3. After apr_bucket_read returns, the value of e->type->name is always "MMAP".
4. After apr_bucket_read returns, the value of e->type->read is always the address of mmap_bucket_read (apr_buckets_mmap.c).
5. mmap_bucket_read records time on entry and just before "return APR_SUCCESS" with apr_time_now().
6. A difference of more than 300000µs is _never_ recorded in that function.

So it looks like, calling apr_bucket_read takes over a second, but the called function never takes more than a third of a second between first and last statement.

Is it possible, that a completely different function is called, i.e. the value of e->type->read changes due to the call? Could it really take so long to evaluate e->type->read in the macro apr_bucket_read and do some basic logic of a function call?

Comment 13 mb 2009-02-24 10:05:49 UTC

Ok, call to "read" DOES seem to replace bucket received as a parameter. With that in mind, we were able to trace it down to the system call "mmap" called by a file bucket. However, the problem still persists with "EnableMMAP Off", so it's somewhere in basic file I/O. We'll keep on looking what could be the reason for that. To some degree, it seems to depend on the compiler version used to build Apache and the kernel.
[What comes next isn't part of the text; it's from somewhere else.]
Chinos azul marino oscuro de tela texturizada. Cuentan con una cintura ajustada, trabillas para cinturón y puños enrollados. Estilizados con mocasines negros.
Comment 14 mb 2009-02-25 06:50:22 UTC

Finally, we found the reason for the delay. After switching off logging file access time in ext3, the values went back to normal. Access time with ext2 seems fine however. So I've lowered the priority of the bug. What remains, is that the long request is logged for the request _before_ such a delay in a connection with keep alive, not for the one that is actually slow.

Comment 15 MortenK 2013-12-16 14:01:21 UTC

Hi

I am also seeing apache loggin wrong time to serve reqeust in the log.

My TCPdump shows that the reqeust took 51 seconds, but my apache log reports "14282" microseconds.

In other cases where it takes along time, its spot on, but in some cases its wrong.
I am not sure how to procede with this finding.